Network appliances like firewalls and switches, have software (commonly referred to as firmware) on them that monitor and log security events. Unfortunately, the logs are rarely read by anyone. In fact, most people have never logged into their home router to look at the logs or change the administrator password. If the firmware was compromised, or the Internet provider uses the same administrator username and password for all of them, as soon as one is compromised, they are all open to the attacker.
Since large corporate networks have thousands of network appliances and computers, the task of manually logging in and looking at logs only once a year is unreasonable if not impossible. Consequently, security tools have been created to manage all of these device logs. They gather and analyze thousands of logs from all types of network appliances including firewalls, switches, computers, etc.
The security tools come in several variants with slightly different names. Today, most of them overlap in capability, so it is important to verify that the one you are considering includes the specific functions you need right now. Security Information and Event Management (SIEM) is the combination of Security Information management (SIM) and Security Event Management (SEM).
At Kenexis, we provide complete life cycle design, including implementation and validation for SIEM systems. We do this for critical applications providing network security monitoring (NSM) for multiple nuclear power generation facilities in compliance with the Nuclear Regulatory Commission (NRC) 10 CFR 73.54 and NEI 08-09. While a SIEM is required for this type of infrastructure, it may also be appropriate for many other control system environments running processes or machines.
Life cycle design includes many considerations from policy to wiring. General requirements usually include drawings, wiring challenges including old control systems and complex security defenses, implementation plans, compliance considerations, monitoring and reporting plans, monitoring system devices and data integrity, intrusion and malware detection and defenses, and acceptable use criteria as part of the overall roadmap.
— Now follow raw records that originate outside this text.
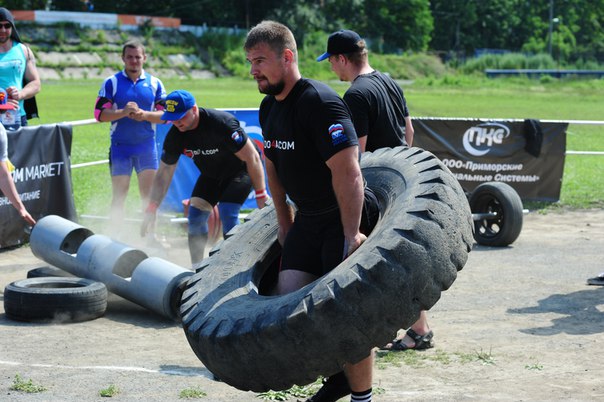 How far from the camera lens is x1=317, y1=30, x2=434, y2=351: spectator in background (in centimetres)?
625

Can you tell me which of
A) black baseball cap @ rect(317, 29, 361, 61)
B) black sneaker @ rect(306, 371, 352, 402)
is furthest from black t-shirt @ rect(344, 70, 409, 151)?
black sneaker @ rect(306, 371, 352, 402)

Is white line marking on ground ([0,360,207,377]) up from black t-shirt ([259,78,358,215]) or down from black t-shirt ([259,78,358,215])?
down

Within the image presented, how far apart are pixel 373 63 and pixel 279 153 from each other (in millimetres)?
74792

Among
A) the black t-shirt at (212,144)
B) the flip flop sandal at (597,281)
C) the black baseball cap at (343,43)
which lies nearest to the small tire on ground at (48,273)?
the black t-shirt at (212,144)

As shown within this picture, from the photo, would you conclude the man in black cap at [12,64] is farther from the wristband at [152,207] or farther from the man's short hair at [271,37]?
the man's short hair at [271,37]

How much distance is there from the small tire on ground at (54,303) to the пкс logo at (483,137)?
7.54 meters

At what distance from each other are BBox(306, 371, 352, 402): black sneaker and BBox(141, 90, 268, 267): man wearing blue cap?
3305mm

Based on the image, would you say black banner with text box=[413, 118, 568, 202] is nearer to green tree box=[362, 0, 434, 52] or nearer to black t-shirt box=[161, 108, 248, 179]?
black t-shirt box=[161, 108, 248, 179]

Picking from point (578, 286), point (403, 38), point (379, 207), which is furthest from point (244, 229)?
point (403, 38)

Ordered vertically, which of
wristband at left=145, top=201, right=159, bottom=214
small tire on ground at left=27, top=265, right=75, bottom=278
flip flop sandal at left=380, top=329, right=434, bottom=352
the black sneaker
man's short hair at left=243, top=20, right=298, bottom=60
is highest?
man's short hair at left=243, top=20, right=298, bottom=60

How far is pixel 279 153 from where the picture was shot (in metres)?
4.91

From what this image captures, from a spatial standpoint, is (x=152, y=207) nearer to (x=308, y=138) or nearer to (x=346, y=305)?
(x=308, y=138)

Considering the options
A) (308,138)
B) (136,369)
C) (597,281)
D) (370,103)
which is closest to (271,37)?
(308,138)

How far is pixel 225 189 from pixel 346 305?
14.5 feet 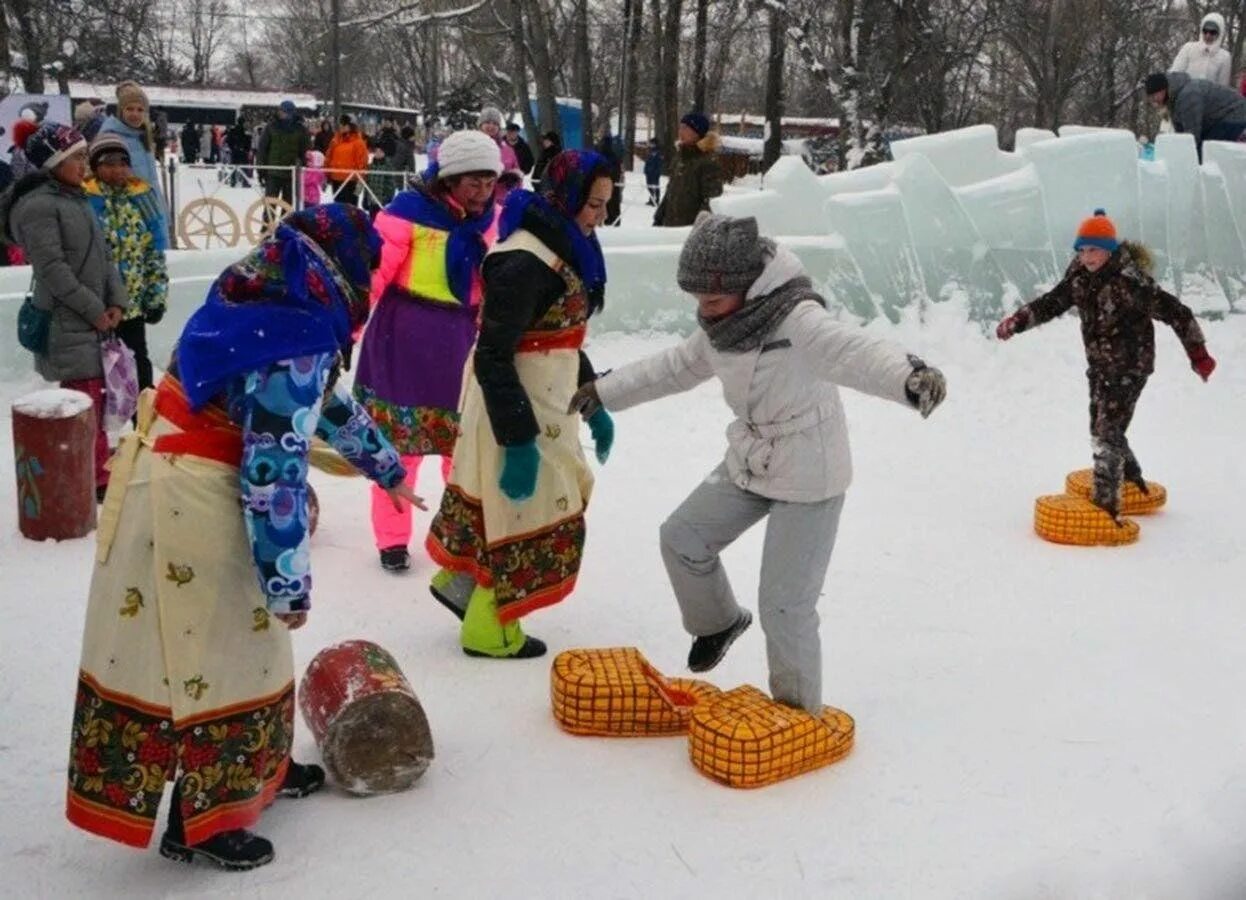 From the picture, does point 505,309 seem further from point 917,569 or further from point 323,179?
point 323,179

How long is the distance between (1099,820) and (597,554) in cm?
279

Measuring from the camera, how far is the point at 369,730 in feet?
11.8

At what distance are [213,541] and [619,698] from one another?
1461 millimetres

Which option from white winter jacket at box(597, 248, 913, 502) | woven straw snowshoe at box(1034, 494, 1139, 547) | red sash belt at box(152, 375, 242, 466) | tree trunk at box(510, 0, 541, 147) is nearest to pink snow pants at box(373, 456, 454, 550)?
white winter jacket at box(597, 248, 913, 502)

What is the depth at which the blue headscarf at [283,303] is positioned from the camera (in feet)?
9.57

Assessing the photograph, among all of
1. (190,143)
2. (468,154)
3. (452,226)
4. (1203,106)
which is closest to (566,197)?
(468,154)

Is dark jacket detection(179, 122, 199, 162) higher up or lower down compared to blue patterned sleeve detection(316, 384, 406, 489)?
higher up

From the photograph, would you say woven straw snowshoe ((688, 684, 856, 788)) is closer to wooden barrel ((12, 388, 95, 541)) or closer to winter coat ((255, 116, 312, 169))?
wooden barrel ((12, 388, 95, 541))

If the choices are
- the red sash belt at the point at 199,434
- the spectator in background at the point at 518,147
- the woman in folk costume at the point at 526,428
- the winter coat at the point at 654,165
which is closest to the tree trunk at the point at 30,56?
the winter coat at the point at 654,165

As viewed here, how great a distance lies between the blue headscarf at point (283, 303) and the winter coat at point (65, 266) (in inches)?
127

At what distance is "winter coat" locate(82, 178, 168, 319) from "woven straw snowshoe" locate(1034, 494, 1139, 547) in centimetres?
438

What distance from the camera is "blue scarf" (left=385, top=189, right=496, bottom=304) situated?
16.7ft

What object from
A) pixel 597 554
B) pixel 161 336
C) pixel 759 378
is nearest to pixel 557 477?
pixel 759 378

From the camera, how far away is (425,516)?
6.36 m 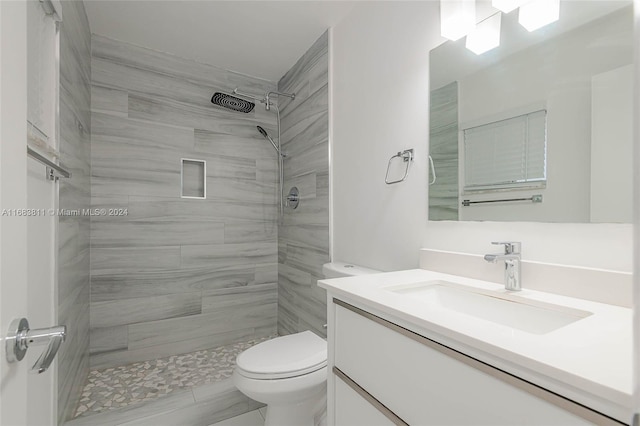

The design and implementation process at a nuclear power plant is more complicated than most process plants or industrial control systems (ICS) and includes developing a conceptual and detailed design incorporating multiple SIEM systems, data diodes, firewalls, intrusion detection systems (IDS), and servers within multiple different security levels. With an excellent design and implementation, the SIEM can gather and analyze the logs from all of these network appliances across complex security networks designed to provide cybersecurity barriers.
Throughout the process, we work with the customer to integrate their existing process control and ICS equipment to gather the logs from control systems along with the network appliance logs into the SIEM. In the case above, we send it to the SIEM at the Security Operations Center (SOC). SOCs are becoming common place for large institutions and may become outsourced in the future to highly secure monitoring agencies where it is convenient to staff experts to work on multiple systems.
Kenexis continues to provide ongoing support for the SIEM design once the system is operational.
If you would like to now more, please contact us at firstname.lastname@example.org
Closing thought, please go home today and log in to your home router. If you forgot your log in or never set one in the first place, most Internet providers publish the hard-coded or default password in the user manual posted somewhere on the Internet! Consider changing the username and password for the administrator, check out what devices are connected to the router including wired and wireless, and enable logging or read through logs to see if anything weird has occurred.